Others that could step up next season include Colton Sceviour who had 12 points in 26 games with the Stars last season. Antoine Roussel earned himself a four-year extension with his agitating play last season and added 14 goals to that effective physical game. Both are just 24 years old and early in their NHL careers.
The Stars also boast a farm system that has enjoyed great success last season. The Stars’ American Hockey League affiliate won the Calder Cup under the guidance of now Vancouver Canucks head coach Willie Desjardins. Key contributors from that team including defensemen Patrik Nemeth and Jamie Oleksiak , forwards Brett Ritchie and Scott Glennie , and goaltender Jack Campbell all could figure prominently within the organization for the next few years.
Meanwhile, the club also has some really exciting prospects in the system including first-round picks Jason Dickinson, Radek Faksa and Julius Honka.
The future looks bright in addition to a pretty nice present for the Stars.
Organizationally, the Stars are different than they were two years ago and that’s a very good thing. Bringing in Nill, a longtime executive in the Detroit Red Wings organization, is probably the most important move they’ve made as a hockey club in a long, long time. His work in bringing in Seguin and now Spezza and Hemsky has taken this team to a level it seemed a long way away from before Nill’s arrival.
What he’s done so far will be difficult to eclipse, but the fact that the Stars have an executive with vision and the desire to be aggressive when it comes to improving the team. That’s refreshing after five straight years of missing the playoffs.

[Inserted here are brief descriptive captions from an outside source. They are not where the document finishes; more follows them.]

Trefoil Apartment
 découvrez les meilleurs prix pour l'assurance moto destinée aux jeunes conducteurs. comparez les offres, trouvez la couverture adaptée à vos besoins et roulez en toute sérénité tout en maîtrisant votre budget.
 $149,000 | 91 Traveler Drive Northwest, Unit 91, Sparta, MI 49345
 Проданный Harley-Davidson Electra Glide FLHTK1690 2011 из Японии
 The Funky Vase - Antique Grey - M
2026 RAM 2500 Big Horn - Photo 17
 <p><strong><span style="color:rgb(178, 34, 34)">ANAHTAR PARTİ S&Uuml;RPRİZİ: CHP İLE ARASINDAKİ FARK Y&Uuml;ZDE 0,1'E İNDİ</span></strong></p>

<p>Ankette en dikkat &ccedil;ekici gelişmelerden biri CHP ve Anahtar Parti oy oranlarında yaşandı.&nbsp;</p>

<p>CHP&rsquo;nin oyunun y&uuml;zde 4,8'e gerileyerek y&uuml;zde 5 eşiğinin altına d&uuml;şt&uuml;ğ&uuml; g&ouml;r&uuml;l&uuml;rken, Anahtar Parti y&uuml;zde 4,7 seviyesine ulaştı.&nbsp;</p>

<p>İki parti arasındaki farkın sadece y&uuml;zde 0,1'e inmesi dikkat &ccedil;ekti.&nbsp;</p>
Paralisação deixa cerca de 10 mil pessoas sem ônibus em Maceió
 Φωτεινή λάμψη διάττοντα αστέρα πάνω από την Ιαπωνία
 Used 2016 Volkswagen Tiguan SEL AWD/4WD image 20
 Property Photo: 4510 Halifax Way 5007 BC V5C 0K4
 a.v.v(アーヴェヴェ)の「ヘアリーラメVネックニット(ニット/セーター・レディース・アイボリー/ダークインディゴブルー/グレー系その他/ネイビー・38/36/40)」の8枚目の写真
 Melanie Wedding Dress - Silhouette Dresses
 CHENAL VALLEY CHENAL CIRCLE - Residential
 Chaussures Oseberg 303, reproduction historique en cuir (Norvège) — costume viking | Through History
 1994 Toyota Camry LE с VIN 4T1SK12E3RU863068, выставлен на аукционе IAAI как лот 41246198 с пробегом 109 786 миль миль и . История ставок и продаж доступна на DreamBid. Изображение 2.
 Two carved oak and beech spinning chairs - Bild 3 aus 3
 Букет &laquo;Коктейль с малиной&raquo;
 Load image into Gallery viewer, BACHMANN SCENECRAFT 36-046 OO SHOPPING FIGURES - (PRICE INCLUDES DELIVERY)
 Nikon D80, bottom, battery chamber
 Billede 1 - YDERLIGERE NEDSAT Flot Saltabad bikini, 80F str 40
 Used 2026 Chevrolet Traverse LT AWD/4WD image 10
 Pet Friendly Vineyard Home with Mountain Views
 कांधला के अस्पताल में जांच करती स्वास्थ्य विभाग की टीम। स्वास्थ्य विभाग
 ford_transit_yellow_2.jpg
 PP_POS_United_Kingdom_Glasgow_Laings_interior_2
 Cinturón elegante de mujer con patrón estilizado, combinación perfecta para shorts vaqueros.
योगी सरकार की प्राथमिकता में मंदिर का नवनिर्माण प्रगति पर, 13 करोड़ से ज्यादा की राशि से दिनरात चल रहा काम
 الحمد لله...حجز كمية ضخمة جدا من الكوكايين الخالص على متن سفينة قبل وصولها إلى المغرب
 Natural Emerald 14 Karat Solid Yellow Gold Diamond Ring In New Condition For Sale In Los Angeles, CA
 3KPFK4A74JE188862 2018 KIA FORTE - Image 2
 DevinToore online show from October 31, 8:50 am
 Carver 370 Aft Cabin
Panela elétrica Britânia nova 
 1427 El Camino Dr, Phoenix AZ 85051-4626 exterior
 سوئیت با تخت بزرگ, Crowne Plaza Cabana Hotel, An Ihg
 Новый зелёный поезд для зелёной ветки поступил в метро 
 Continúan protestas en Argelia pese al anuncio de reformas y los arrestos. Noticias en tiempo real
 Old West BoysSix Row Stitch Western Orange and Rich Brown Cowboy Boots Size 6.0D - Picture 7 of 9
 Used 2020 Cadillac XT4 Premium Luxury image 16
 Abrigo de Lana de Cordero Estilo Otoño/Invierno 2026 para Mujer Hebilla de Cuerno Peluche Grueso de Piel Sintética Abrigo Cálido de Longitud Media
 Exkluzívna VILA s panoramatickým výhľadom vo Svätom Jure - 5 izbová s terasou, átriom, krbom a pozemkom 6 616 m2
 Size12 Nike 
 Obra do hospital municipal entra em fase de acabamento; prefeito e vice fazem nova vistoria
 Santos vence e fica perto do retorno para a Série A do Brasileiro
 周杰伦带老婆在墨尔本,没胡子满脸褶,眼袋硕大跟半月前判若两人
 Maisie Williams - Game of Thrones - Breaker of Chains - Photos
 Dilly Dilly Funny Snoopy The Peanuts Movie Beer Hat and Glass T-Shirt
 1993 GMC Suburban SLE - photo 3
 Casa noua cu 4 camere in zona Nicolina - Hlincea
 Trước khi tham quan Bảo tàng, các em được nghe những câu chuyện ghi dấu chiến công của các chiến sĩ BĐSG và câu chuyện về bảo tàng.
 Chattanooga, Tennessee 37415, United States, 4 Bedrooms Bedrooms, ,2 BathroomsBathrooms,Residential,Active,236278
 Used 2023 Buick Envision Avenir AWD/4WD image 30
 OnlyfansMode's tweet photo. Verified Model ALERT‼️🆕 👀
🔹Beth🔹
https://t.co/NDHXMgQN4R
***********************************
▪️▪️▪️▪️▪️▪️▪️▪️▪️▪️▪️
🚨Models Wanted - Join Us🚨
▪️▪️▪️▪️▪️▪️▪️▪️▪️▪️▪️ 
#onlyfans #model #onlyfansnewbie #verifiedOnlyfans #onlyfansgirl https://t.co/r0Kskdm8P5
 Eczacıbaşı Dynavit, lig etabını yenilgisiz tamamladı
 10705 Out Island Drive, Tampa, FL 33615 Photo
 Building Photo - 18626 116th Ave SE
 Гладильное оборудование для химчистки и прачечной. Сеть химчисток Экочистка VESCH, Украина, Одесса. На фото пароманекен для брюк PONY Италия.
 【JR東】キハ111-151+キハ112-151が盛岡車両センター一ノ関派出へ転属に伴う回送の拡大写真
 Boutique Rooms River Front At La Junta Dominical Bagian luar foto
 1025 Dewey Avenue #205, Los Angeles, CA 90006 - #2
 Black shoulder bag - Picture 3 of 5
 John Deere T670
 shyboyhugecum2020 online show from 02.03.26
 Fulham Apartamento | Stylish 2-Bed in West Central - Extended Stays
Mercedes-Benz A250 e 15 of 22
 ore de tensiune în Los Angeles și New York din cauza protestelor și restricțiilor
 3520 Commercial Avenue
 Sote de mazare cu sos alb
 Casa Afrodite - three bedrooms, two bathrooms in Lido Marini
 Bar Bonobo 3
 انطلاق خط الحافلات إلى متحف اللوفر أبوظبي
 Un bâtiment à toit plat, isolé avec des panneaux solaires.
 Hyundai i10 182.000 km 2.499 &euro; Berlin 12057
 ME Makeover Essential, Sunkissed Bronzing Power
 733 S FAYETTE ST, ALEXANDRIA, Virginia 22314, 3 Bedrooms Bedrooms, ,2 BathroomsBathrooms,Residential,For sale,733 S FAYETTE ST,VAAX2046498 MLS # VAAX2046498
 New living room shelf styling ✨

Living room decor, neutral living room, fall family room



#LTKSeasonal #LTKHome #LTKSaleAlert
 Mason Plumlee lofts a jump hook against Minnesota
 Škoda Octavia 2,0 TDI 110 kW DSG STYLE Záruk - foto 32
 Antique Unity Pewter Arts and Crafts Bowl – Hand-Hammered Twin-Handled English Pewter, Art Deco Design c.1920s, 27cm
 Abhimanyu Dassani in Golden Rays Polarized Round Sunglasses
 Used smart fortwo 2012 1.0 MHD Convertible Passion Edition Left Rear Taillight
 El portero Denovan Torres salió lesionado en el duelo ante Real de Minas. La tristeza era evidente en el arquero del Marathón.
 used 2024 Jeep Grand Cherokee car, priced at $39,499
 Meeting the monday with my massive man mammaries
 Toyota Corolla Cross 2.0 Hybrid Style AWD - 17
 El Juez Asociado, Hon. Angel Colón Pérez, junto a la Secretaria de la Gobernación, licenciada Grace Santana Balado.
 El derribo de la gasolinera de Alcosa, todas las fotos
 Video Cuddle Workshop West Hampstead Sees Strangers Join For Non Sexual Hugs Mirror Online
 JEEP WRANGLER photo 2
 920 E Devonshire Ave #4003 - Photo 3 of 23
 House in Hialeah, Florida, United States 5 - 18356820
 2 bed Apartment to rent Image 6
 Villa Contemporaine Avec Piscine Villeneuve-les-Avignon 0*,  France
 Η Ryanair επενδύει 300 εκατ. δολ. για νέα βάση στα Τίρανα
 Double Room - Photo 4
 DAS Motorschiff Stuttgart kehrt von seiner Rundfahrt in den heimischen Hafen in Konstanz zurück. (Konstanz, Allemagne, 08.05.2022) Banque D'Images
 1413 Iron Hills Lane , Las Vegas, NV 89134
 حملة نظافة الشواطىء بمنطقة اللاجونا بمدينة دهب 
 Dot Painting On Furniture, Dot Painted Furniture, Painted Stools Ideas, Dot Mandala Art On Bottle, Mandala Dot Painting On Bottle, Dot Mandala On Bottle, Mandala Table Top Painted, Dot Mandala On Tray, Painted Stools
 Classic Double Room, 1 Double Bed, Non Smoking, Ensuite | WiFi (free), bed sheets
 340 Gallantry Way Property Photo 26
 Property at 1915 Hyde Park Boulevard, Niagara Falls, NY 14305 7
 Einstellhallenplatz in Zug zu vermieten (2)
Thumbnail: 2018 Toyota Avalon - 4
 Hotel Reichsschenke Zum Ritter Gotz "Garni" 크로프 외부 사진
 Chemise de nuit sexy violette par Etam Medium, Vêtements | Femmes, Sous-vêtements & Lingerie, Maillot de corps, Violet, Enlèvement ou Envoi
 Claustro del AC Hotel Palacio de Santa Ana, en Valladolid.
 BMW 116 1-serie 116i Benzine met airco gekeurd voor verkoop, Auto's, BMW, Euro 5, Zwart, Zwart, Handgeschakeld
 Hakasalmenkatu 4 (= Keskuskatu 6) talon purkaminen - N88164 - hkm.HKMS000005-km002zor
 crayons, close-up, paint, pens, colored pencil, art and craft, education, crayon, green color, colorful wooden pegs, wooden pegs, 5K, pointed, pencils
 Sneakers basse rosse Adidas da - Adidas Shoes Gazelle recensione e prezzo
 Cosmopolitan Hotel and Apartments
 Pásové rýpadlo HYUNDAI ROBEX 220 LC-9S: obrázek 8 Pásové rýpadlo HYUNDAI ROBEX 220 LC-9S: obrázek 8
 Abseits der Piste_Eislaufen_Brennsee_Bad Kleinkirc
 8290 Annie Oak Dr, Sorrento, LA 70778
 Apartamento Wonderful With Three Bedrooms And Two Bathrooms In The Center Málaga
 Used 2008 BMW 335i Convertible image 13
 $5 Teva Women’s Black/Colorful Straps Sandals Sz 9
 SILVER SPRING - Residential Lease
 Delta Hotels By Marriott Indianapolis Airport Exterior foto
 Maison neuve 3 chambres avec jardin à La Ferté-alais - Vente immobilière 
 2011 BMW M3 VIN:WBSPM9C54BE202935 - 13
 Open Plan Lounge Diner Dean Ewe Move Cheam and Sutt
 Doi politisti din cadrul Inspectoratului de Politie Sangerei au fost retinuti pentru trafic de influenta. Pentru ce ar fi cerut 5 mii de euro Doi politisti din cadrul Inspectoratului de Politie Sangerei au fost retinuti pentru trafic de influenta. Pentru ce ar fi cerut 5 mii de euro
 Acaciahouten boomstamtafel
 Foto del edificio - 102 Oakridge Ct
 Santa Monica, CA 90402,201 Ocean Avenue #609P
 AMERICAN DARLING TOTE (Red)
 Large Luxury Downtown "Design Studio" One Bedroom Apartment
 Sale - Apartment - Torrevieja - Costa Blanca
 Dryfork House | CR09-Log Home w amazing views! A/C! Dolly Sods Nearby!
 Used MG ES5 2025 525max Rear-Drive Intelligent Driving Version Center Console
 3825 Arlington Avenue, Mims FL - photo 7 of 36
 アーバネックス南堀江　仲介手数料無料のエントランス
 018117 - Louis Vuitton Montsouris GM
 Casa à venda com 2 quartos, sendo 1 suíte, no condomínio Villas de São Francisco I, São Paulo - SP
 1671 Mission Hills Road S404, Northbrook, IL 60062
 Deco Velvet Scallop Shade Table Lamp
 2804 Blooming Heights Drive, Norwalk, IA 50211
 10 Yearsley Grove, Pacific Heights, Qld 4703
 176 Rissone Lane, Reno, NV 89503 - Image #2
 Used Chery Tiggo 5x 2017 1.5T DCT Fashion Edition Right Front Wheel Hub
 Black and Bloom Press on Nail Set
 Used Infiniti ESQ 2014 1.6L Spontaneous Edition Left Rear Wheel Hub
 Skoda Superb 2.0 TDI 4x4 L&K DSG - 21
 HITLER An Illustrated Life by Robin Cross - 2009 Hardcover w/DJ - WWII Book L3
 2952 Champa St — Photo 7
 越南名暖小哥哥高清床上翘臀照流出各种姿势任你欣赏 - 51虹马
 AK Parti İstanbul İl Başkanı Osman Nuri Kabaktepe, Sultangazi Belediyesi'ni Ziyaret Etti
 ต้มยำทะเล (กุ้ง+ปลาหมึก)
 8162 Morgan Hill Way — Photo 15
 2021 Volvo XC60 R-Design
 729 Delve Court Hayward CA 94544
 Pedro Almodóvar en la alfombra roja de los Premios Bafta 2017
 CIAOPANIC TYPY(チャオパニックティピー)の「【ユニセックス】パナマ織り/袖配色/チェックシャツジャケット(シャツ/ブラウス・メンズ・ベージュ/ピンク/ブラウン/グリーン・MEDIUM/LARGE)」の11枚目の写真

The Stars also have a team that is really fun to watch with Seguin and Benn at the top. That should help sell tickets and bringing in another star-caliber player in Spezza only bolsters that. Having made the playoffs last season, the Dallas market has a big reason to come back and support the team. Improving the bottom line will improve the competitiveness, or at least should.
It’s not all sunshine and roses right now, though. The Stars did nothing to address a defense that was only OK last year. Hoping for another step forward from Dillon and adding in some new faces from the AHL could help. Sergei Gonchar may be well past his prime, but is still serviceable on defense and Goligoski’s contributions have already been well noted. The lack of depth is definitely a concern, though and may be something Nill considers addressing further as the season progresses.
The club also has some veteran stalwarts up front to bring experience to an otherwise youthful roster. Players like Shawn Horcoff and Vernon Fiddler help shore up the depth of the lineup, while Erik Cole remains a scoring threat that can spot in on the top-six. If Rich Peverley is able to return after his heart scare last season, that's an added bonus. That remains unclear, however.
As good as all the moves the Stars have made have been so far, they are going to be going up against some of the best teams in hockey right within their own division. That said, they look less like a wild card team this year and more a legitimate contender and perhaps a favorite to land one of the top three spots in the Central to secure a spot in the playoffs. That’s still going to make it hard to get out of the first round next year with what is sure to be a tough draw from within the division.
This organization is noticeably moving forward, though, and with how quickly the team has been turned around by Nill, the sky seems to be the limit. As the young players continue to mature and start bolstering the efforts of the stars at the top of the lineup, Dallas is going to be a really tough team in the loaded West in relatively short order.